Unfortunately DLC mostly killed that, at least for most developers who's names don't start with V and can count to 3.
I'd take the Forgeworld style map editing in a heartbeat. I think it could work for CoD, you just need a good premise for it. I'm afraid the publisher might think it would conflict with their desire to sell DLC to as many people as possible, but I think that would be really easy to fix by offering additions and expansions to it tied to the DLC. Each map based on it would need a base map to put your prefabs in so you offer more of those with each DLC and a few extra prefabs too and vioala, now all the people playing and building custom maps have a reason to want the DLC too.
tl;dr Halo is better suited to community mapmaking with prefabs because the engine was designed to support more dynamic content. Where the Quake engines were designed for corridors and rooms with very little dynamic content to offload processing from run time to compile time so they could push the environments graphically.
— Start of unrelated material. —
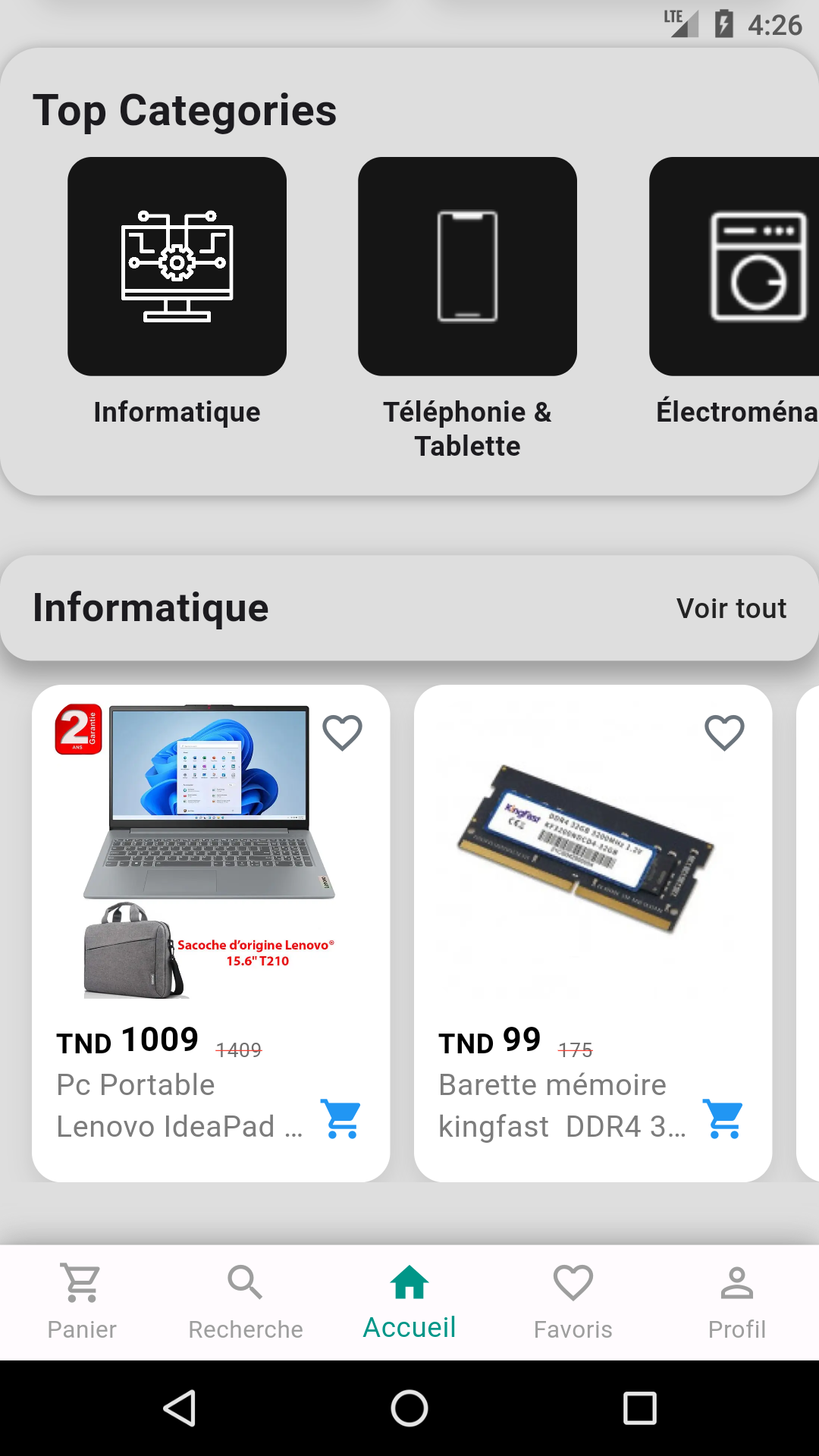 Tdiscount Market categories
The challenge may be more technical, however. CoD is based on a heavily modified Quake3 engine, Halo is not. That ID engines put a lot of reliance on building a precalculated structure for the map. In the editor you setup all the geometry, ect, but then you still have to compile the map into it's final form. The compilation process simplifies and removes unnecessary geometry and then chops up all the playable spaces and connects them. It precalculates which nodes are visible from which other nodes, ect. This is used fur culling chunks of the map from rendering without having to do a costly calculation to determine what is actually visible. It's all precalculated based on where you are. If you don't run vis everything in your map renders all the time and your framerate goes to shit.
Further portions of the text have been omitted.